Let $S$ be a set of $N$ different kinds of coupons.

Assume that the coupons are shipped into random packs of at most 1 coupon of each type: that is each pack is a sequence $a_1,...,a_N$ such as $0 \leqslant a_i \leqslant 1$.

Assume the frequency $f_i$ of these 2^N packs are known but may differ, $\sum_{i=1}^{2^N}{f_i}=1$

Assume a person wants to collect all the $g$ different kinds of coupons, by randomly picking packs.

I am interested in two quantities:

1. What is the probability one person can collect all $N$ coupon kinds by drawing only 2 packs?
2. What is the probability that two persons get the exact same final, possibly incomplete, collection by drawing 2 (possibly different) packs?

I have seen proofs of the batched version by inclusion/exclusion, (eg here) that I could possibly use and adapt, but -being a dumb programer- I would be very interested by a pointer to an existing solution to this exact (weighted) problem?

Answer 1

This isn’t actually a variation of the coupon collector’s, since you’re only ever drawing $2$ packs and not waiting to complete a collection.

The first probability is

$$ \sum_{i\cup j=[N]}f_if_j\;, $$

where the indices $i,j$ run over all subsets of $[N]=\{1,\ldots,N\}$.

The second probability is

$$ \sum_{k\subset[N]}\left(\sum_{i\cup j=k}f_if_j\right)^2\;. $$

Performing this sum directly would take $O\left(4^N\right)$ time.
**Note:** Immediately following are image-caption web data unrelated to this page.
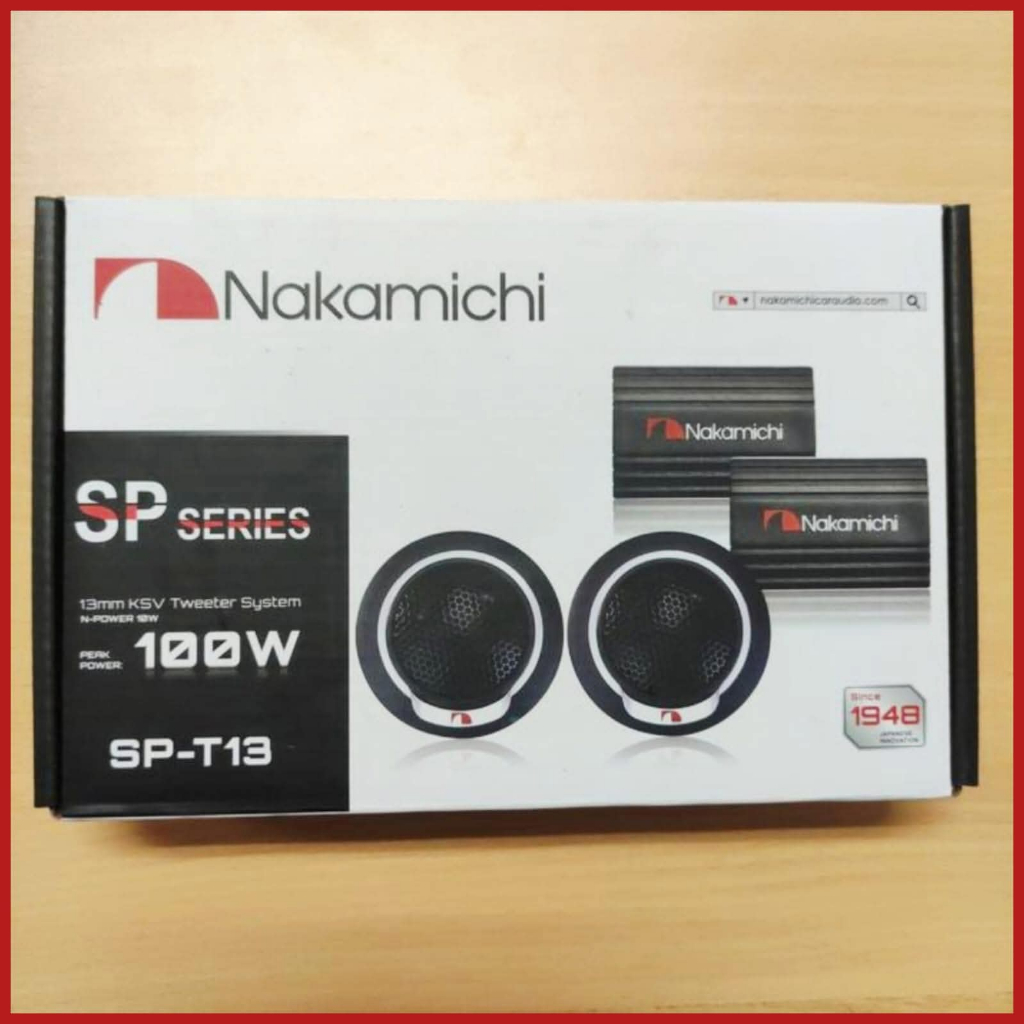 Tweeter Speaker Nakamichi SP-T13 Audio Mobil
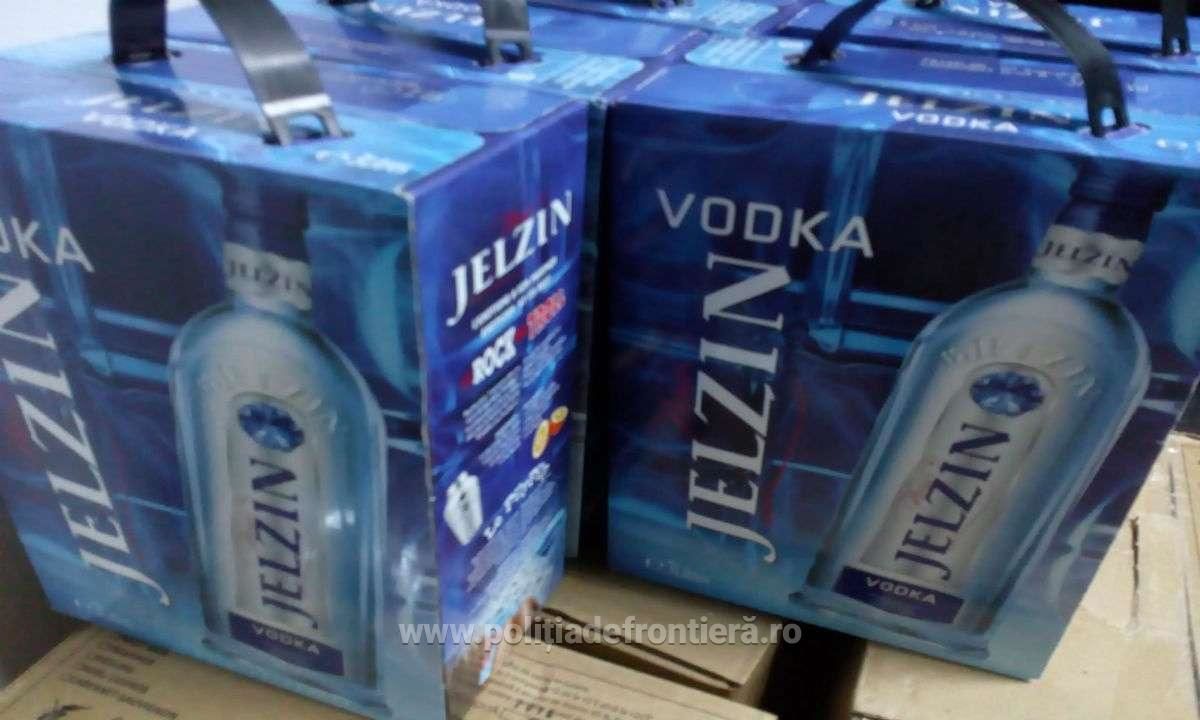 В Румынии у гражданина Молдовы изъяли контрабандные сигареты и алкоголь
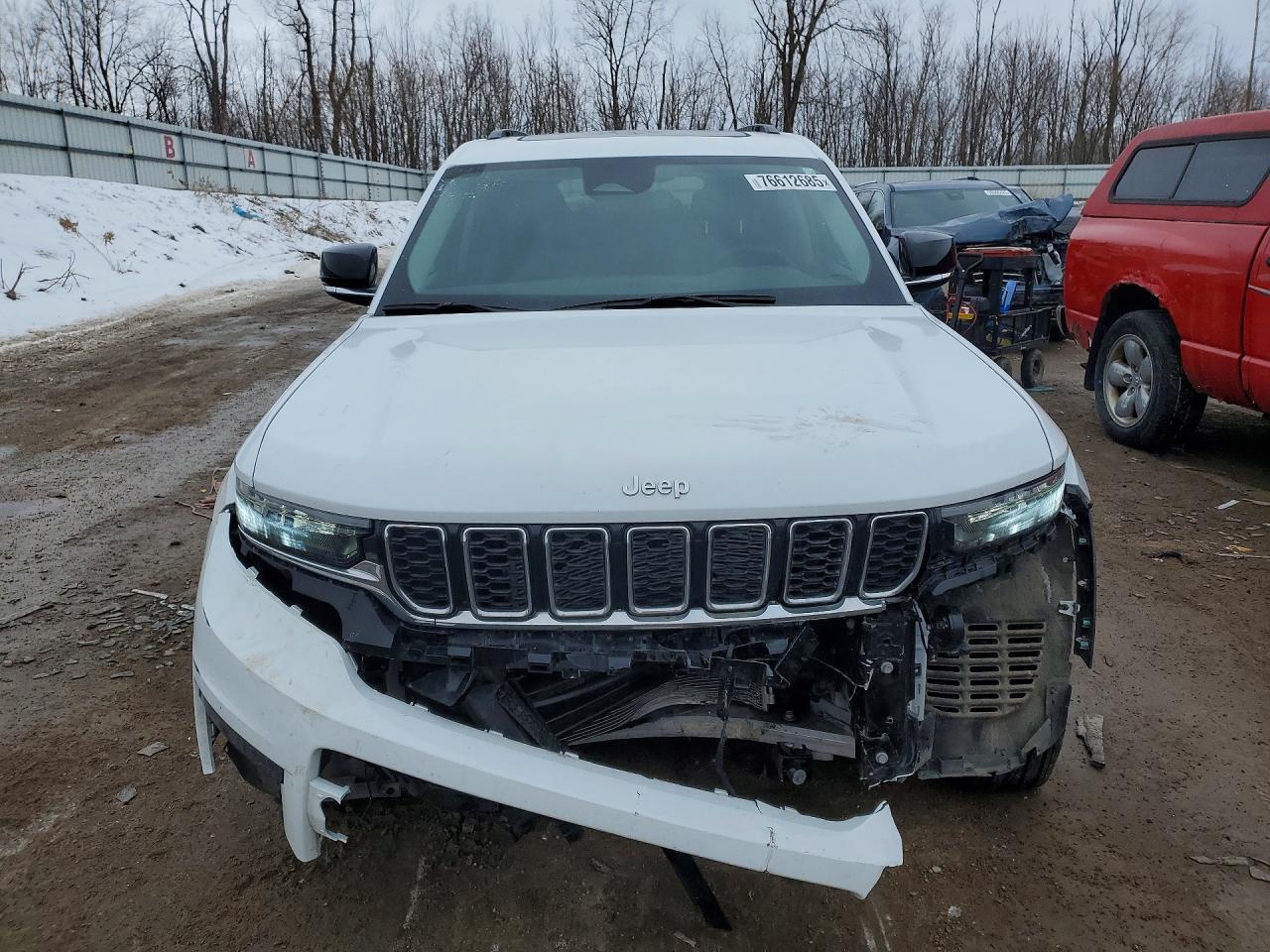 2024 Jeep Grand Cherokee L Limited - zdjęcie 5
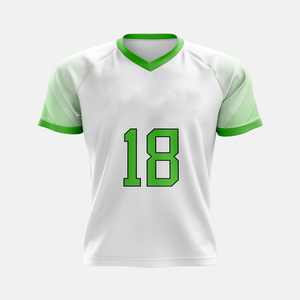 Camisetas de lacrosse hechas con el mejor material, diseño de logotipo personalizado, camiseta de lacrosse lisa de color sólido, muy vendida. - Product Image 1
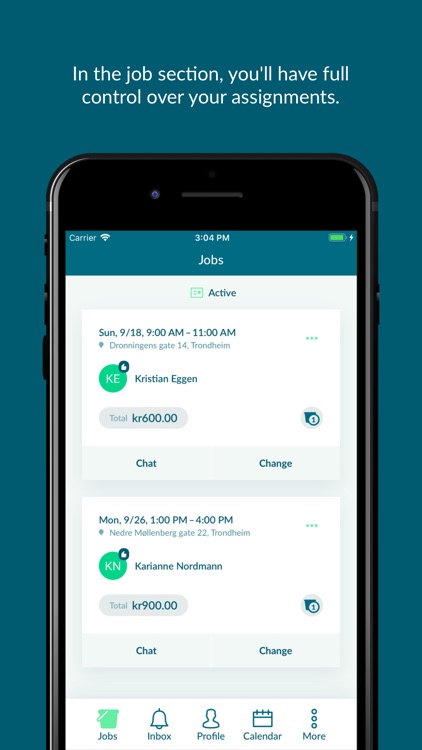 Vaskehjelp screenshot-4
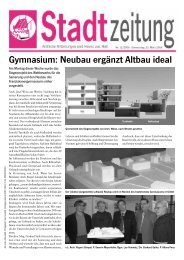 Gymnasium: Neubau ergänzt Altbau ideal - in Hall in Tirol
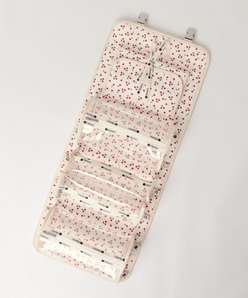 BEAUTY ROLL POUCHチェリーレッドキルト(その他)|LeSportsac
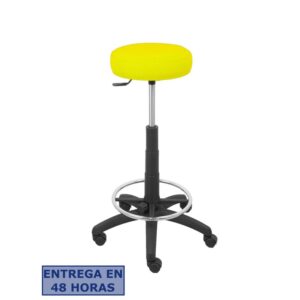 PIQUERAS Y CRESPO Taburete Tolosa bali amarillo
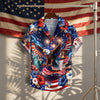 250th Anniversary Luxury Style L3N Hawaiian Shirt, 250 Years of Freedom Aloha Shirt, We The People America Summer Shirt, Fourth of July Gift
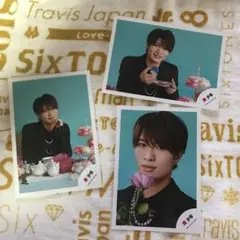 BSN-41 美少年 那須雄登 グリーティングフォト2023 3枚セット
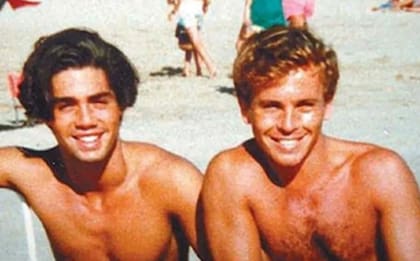 Ricardo Fort y Guido Süller se conocieron en Búnker, un boliche gay popular en la década de los ochenta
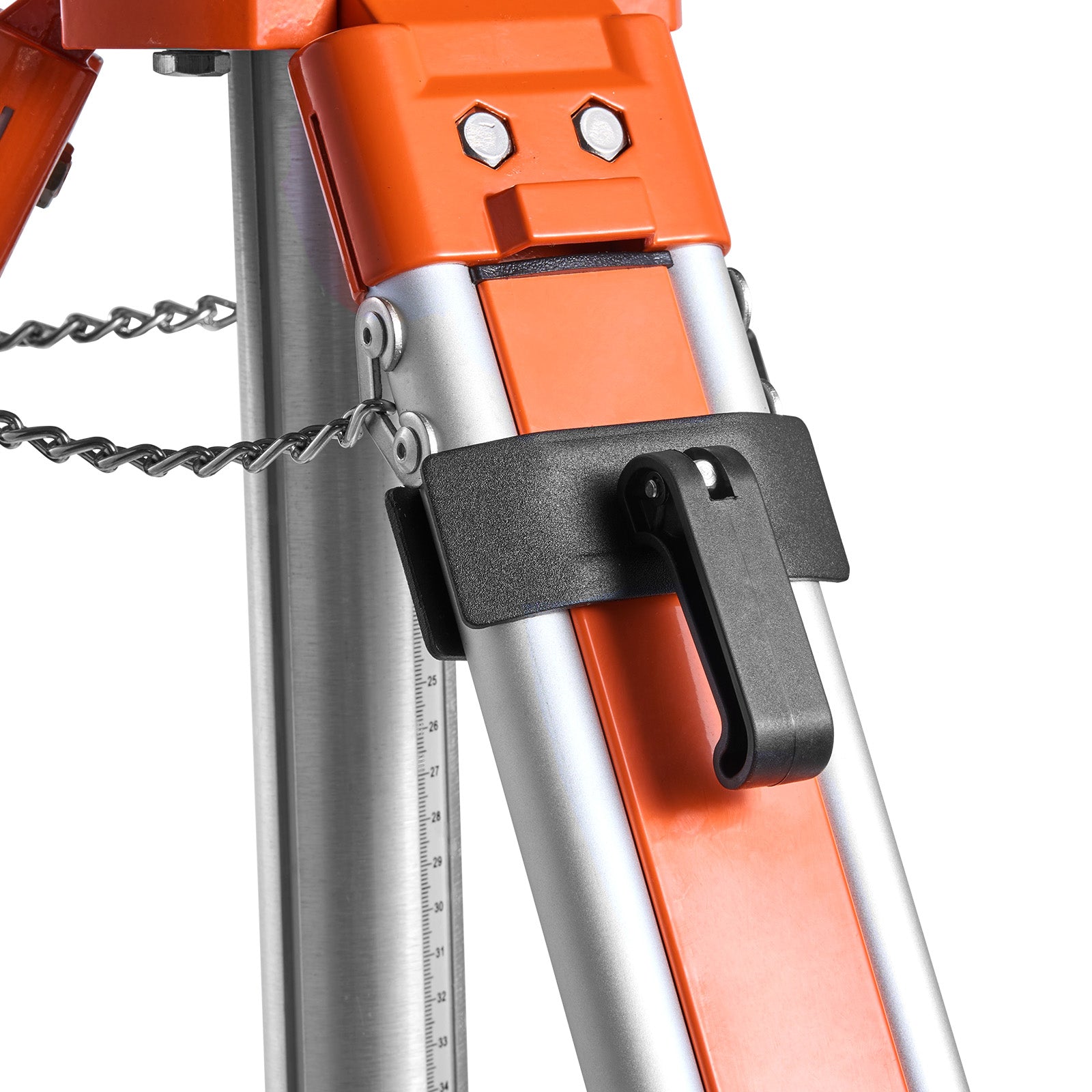 Trikojis lazeriniam nivelyrui, 5/8"-11 sriegis, aukštis 69–172 cm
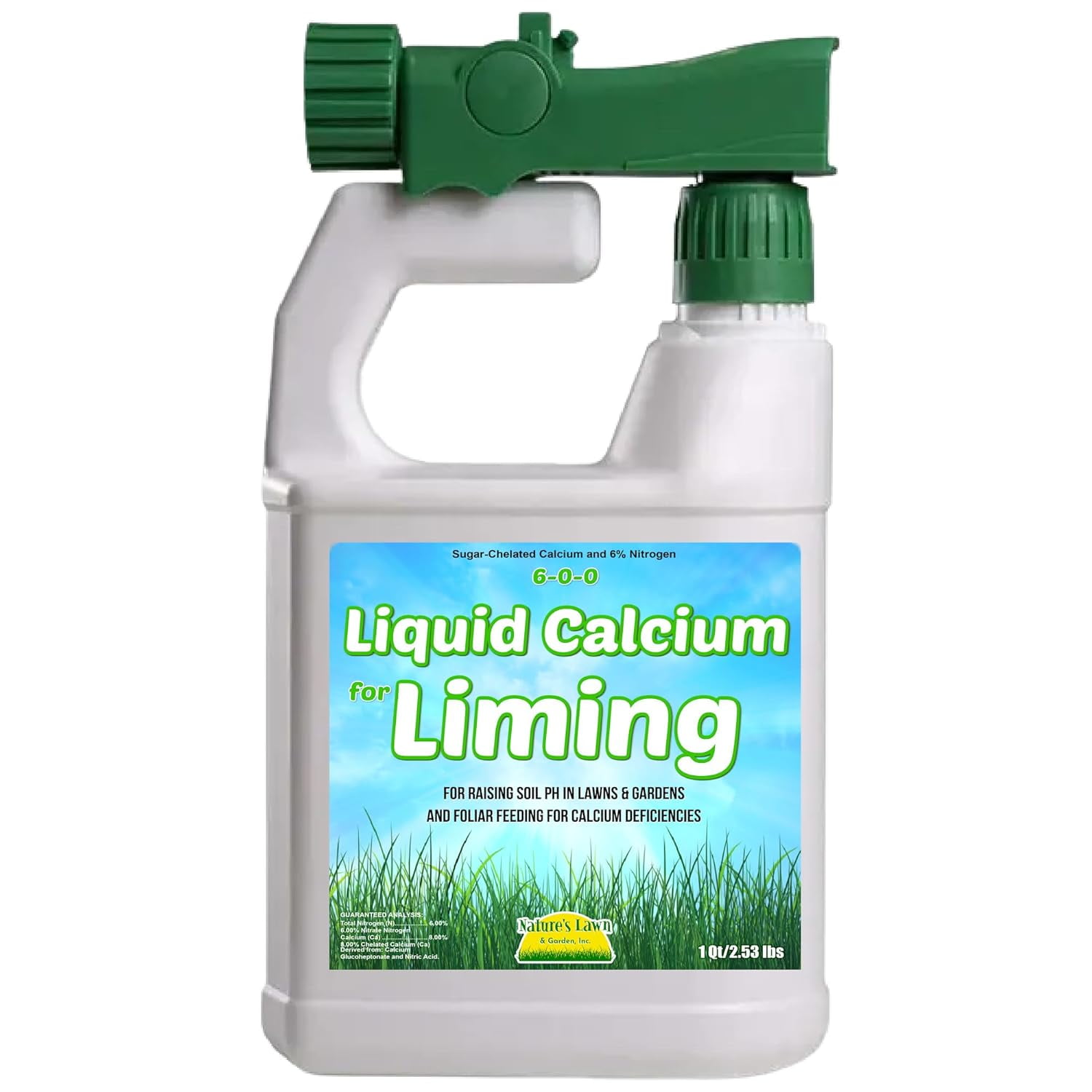 Nature’s Lawn & Garden Natural Liquid Calcium Liquid Lime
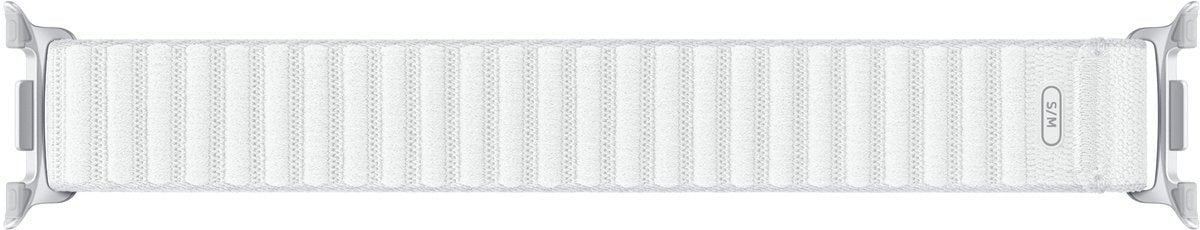 Bracelet en tissu Original Samsung Galaxy Watch 8 - 40mm (blanc)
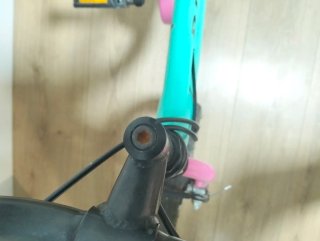 Bicicleta infantil B-PRO 14 pulgadas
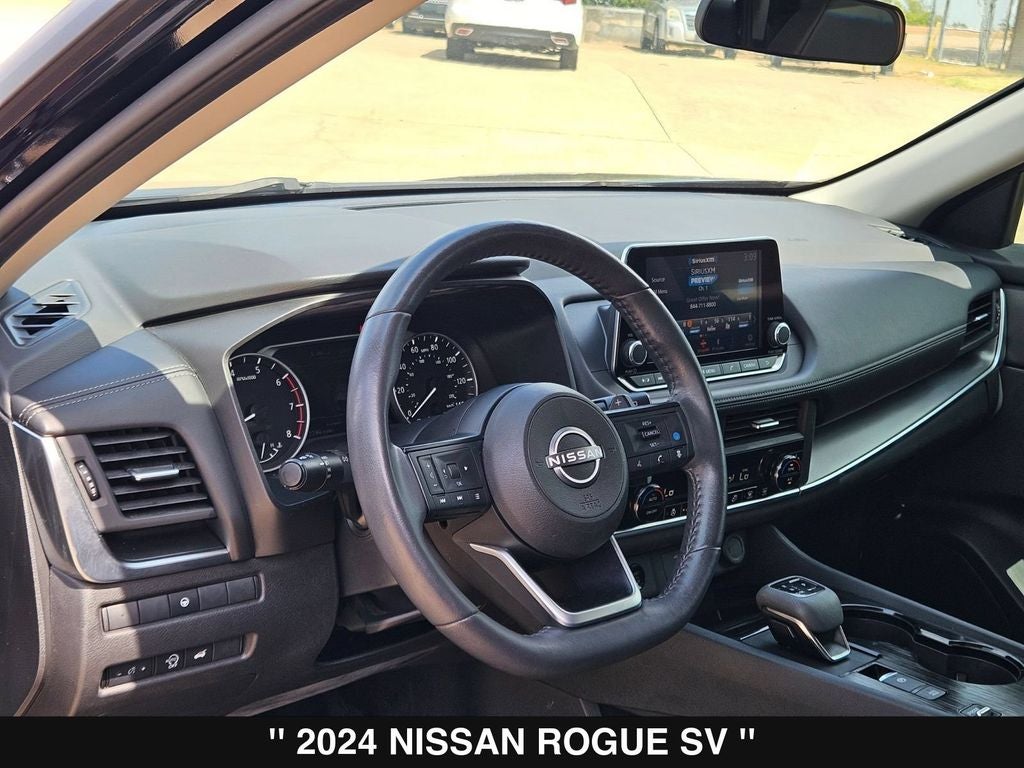 2024 Nissan Rogue SV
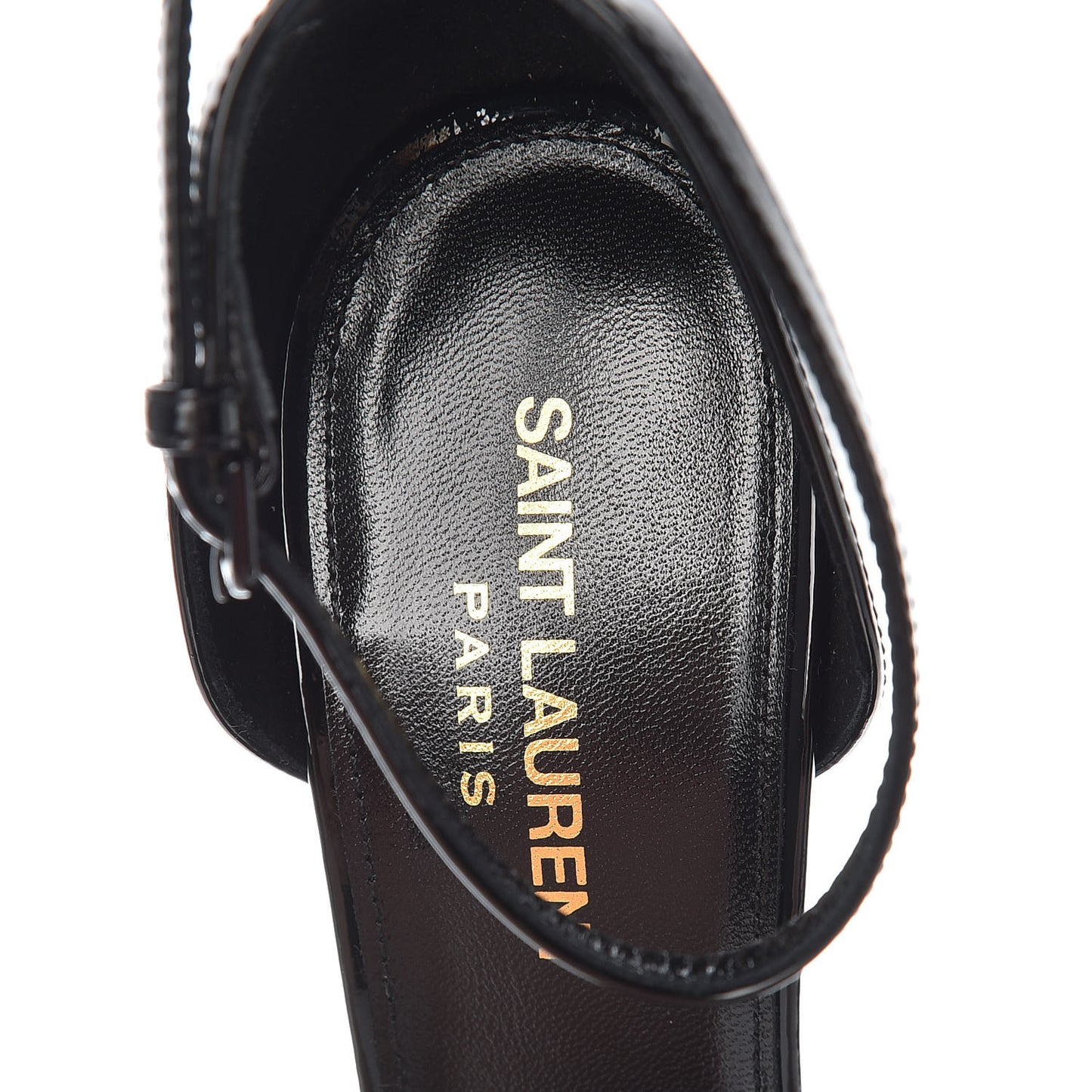 Patent Opyum Sandals 37 Black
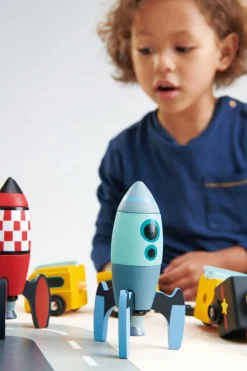 Construcción de cohetes - Tender Leaf Toys
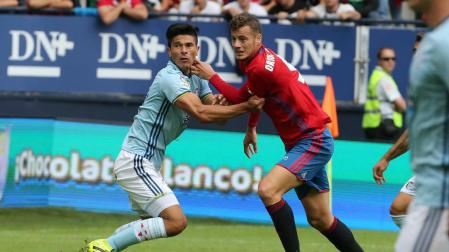 Osasuna negocia por Roncaglia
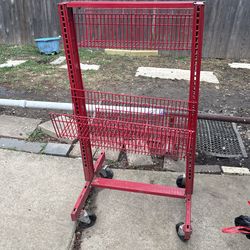 Heavy Duty Display Rack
You can reduce that to $O\left(3^N\right)$ like this: Represent $i$ and $j$ as binary $N$-tuples with the values $0$ (“excluded”) and $1$ (“included”) and consider ternary $N$-tuples that can additionally have the value $2$ (“don’t care”). There are $3^N$ such tuples. For each such tuple $k$, define $f_k$ as the sum of the $f_i$ for all $i$ that match $k$ where $k$ is $0$ or $1$ (i.e. that exclude all the excluded coupons and include all the included coupons, irrespective of whether they include the “don’t care” coupons). You can efficiently compute these $f_k$ recursively, for each $2$ component adding the corresponding values for $0$ and $1$. Now for each $j$, instead of pairing it will all $i$, you only have to pair it with all $k$ that have “don’t care” where $j$ has a $1$, since those values don’t affect the union with $j$. If $j$ has $\ell$ $1$s, there are $2^{N-\ell}$ such $k$ to pair it with, and there are $\binom N\ell$ values of $j$ with $\ell$ $1$s, so the total number of pairs to add up is

$$ \sum_{\ell=0}^N\binom N\ell2^{N-\ell}=3^N\;. $$

I doubt this can be further reduced to $O\left(2^N\right)$, but I might be wrong.